Surely, we couldn’t get misled by the map again and find ourselves lost a second day in a row?
That’s exactly what happened. The plan was to head south for five kilometres and then take a right and head further west into the forest.
However, there were three options for us to head west and none of them were signed. Given that we had already become separated from Keith, we agreed we wouldn’t take our chances on an unsigned trail with the possibility of us going the wrong way again.
In hindsight, we probably should have. Instead, we kept heading south through the forest on the gravel road and eventually came out into a cut-down section.
We continued on through this area for another hour; where we hiked up and over a small mountain covered in cut-down trees which didn’t actually have a formed path.

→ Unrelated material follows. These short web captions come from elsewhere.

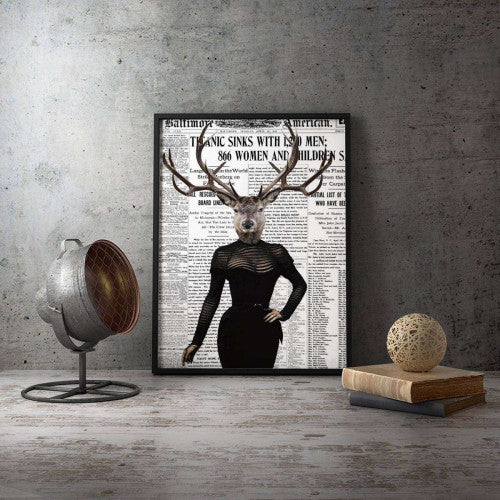 Reindeer Lady Old Newspaper Animal Canvas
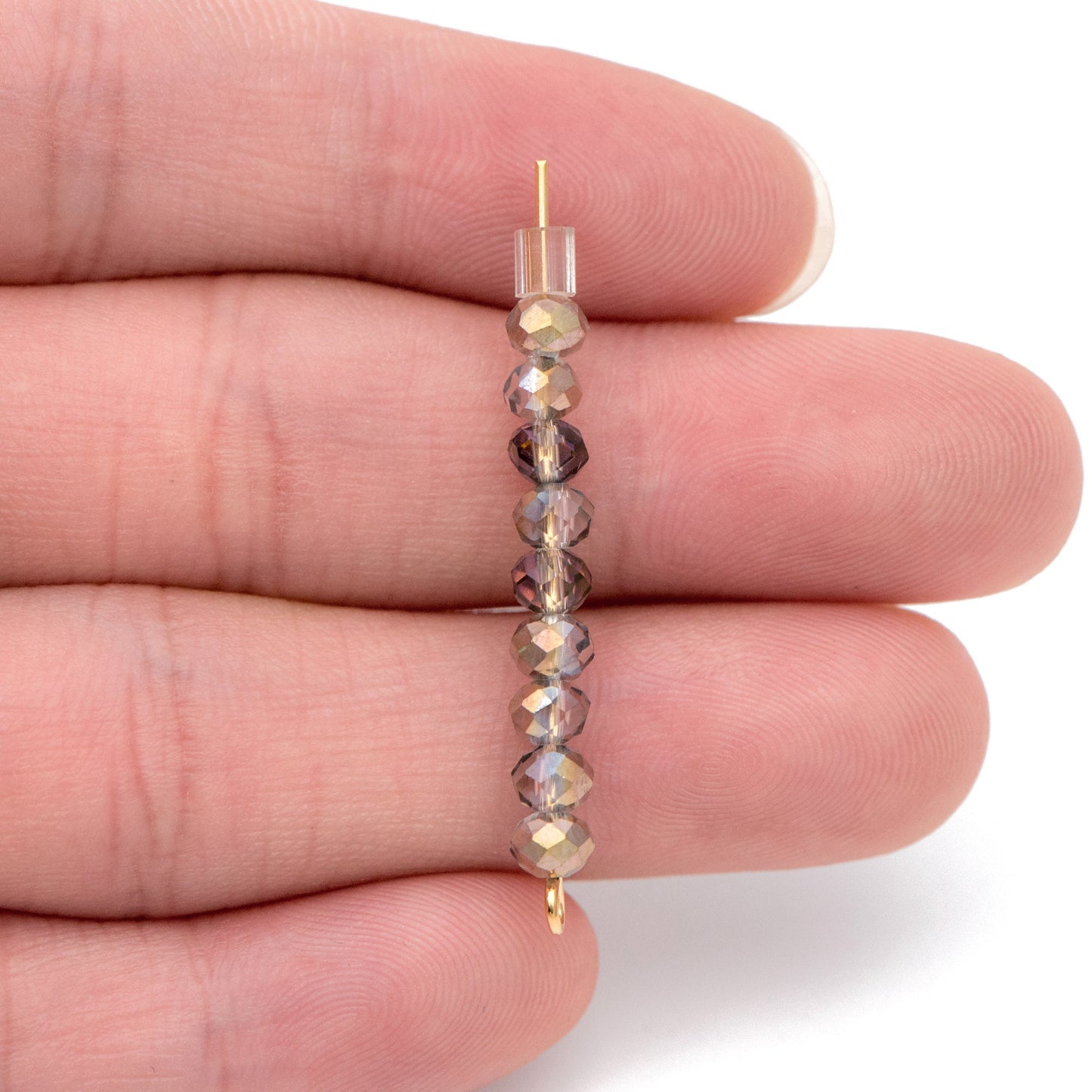 Rondelle Faceted Crystal Glass Beads Rose Gold 3x4mm -BZ04-87 / 145Pcs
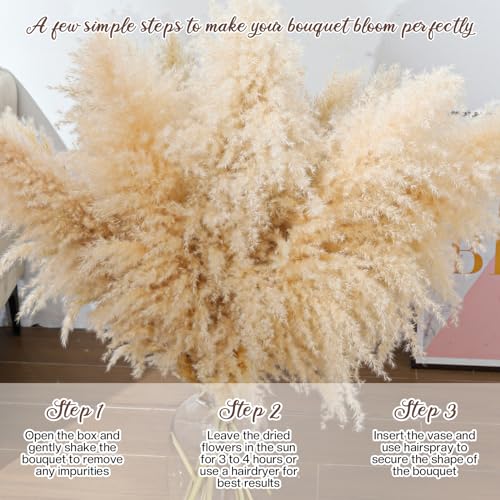 12pcs 40-Inch Dried Pampas Grass Bouquet - Natural Beige Boho Home Decor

After stopping for some lunch and quickly trying to work out just where the hell we were, we decided to head back to where the forest met the cut-down section and reassess there.
When we arrived at the reassessment point, we sat for a good 15 minutes and decided what the best course of action would be.
Fortunately, there was another way for us to get to the hut. However, it involved us getting back to State Highway 32 and somehow getting the alternative route which included a formed trail.
We headed back to Kakaho Road campsite and managed to secure a ride as far as the main road.
It didn’t take us very long to secure another ride down State Highway 32 with a local tradie named Manny. If you’re reading this, we are forever in your debt!
He was heading to a tavern in a small town called Tihoi (which was on the way to the trailhead), and was only going to take us as far as that but mid-way through the trip he decided to take us to where we needed to be.
Once we found this track, our spirits lifted a little. We were still concerned for the whereabouts of Keith (spoiler alert: he didn’t die or wasn’t hurt), but knowing that we were only 9 kms/ 3hours away from the hut was uplifting.
By this stage it was just before 5pm. We spent the next 3 hours walking an absolutely amazing track called the Waihaha Track.
It follows the Waihaha River upstream, and takes in some amazing views of the river and the terrain in general is rocky with a few hills. We even got to walk over another swing bridge.
Just before 8pm, and as we thought we may never reach the Waihah Hut, we stepped out of a forest area and into a clearing where the hut stood.
It was a feeling of relief but also of worry as Keith wasn’t there. In fact, he didn’t turn up at all that night.
Our hope was that he would arrive sometime on January 1st, which was also our rest day.
There were plenty of things we learnt that day that were both good and bad.
Despite our reasoning as to why we didn’t do it, we probably should have taken our chances on one of those three trails. Two out of the three ended up heading in the right direction anyway.
I think one of the good things we learnt was that when presented with a situation as stressful as this, we didn’t panic.
We could have easily lost our shit but I firmly believe how we reacted determined the rest of our day.
Another was making the decision to head back to the campsite and hitch a ride to the alternative route. For those of you who might freak out about hitch hiking, it’s essentially a staple for most hikers/trampers in New Zealand.
What I want to know from you all is this – did we make the right decision in leaving the campsite in the first place?